Incidentally you're wrong: she has formally apologized to Nancy Kerrigan to her face on national television in 1998. It was awkward and a little disingenuous, being as she never admitted, even in her formal apology, to any role in the planning of the attack (just to knowing it was to happen and failing to report that knowledge), but still, it is more than you're acknowledging here.
My opinion in that you're right: she is really only sorry that she got caught (to the extent that she did). There's nothing justifiable about that. But you seem very fixated on whether or not the attack was right or wrong when that's just not the point of the film. The point of the film is that Tonya Harding is not this one-dimensional caricature we grew up hearing about.
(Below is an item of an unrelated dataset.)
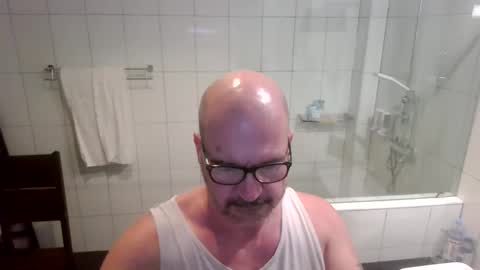 Snapshot of libertarians1972 chatting on October 22, 10:08 am Cockcentric online show from October 22, 10:08 am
For me, the shortcomings of this movie are not thematic, but technical. Were it all up to me, I'd have preferred a delivery that featured more subtlety here and there, perhaps more often approximately recreating intimate and emotionally nuanced conversations more often rather than fixating almost exclusively on the most dramatic events. Fixating on dramatic events more than building up to them is something I find that male directors often do and I feel that it usually removes some of their emotional heft. Despite what I feel are its limits though, Craig Gillespie's direction ultimately proved to be more effective than I at first thought. When some of the most defining moments arrived late the movie, it suddenly hit me how emotionally invested I had become in Tonya Harding's fate without even previously realizing it!
There is a point late in the film wherein Margot Robbie, in her role as Tonya Harding, condemns the audience at some length. That moment concentrated the essential point of the movie: that her whole life was basically one gigantic abusive relationship, first with individuals and then with the world. That moment was genius! I felt the weight of it, realizing that indeed that has to be how Harding feels about her life. That's something that not many filmmakers would have done and it made me appreciate the sincerity of Gillespie's effort. I gather that you didn't appreciate it much. Maybe one has to have been through such a relationship to be able to fully import the pain contained therein.
Another example comes just before the credits roll when we discover that Harding has become a boxer and has indeed been doing any and every ridiculous, degrading thing possible to sustain public interest in her since being banned for life from professional figure skating, possessing not even a high school degree. In this moment, she reflects on her life and articulates what for her is the necessary belief that "there's no truth" and that "my whole life is violence anyway". This was another moment when I began to realize how much the movie had affected my outlook without realizing it up to that point because I felt the weight of those words coming, believably, from her, reflecting the psychological toll that had been taken on her: the sense of paranoia and masochism. And then she gets knocked down and stays down a while while the music drops, almost like she might understandably just die then and there and have that be the end before finally regaining her normal, bitchy resolve to truck on, come what may. And then the credits begin to roll as a female-voiced rendition of Iggy Pop's grunge song (one I remember very nostalgically) The Passenger begins to play to images of her skating and that's when it all really hit me. I actually cried. I hadn't come to feel that "the incident", as it's referred to, was okay or anything (the movie hadn't intended for me to either), but I hadn't realized up to that point who Tonya Harding actually was and now I did and yeah, felt kind of sorry for her. I don't think it's wrong to have that complex feeling, is it? I mean it's the whole point of the movie really.
That's the wisdom of Gillespie's direction here: it's impact sneaks up on you. I would score I, Tonya a solid 8/10, personally.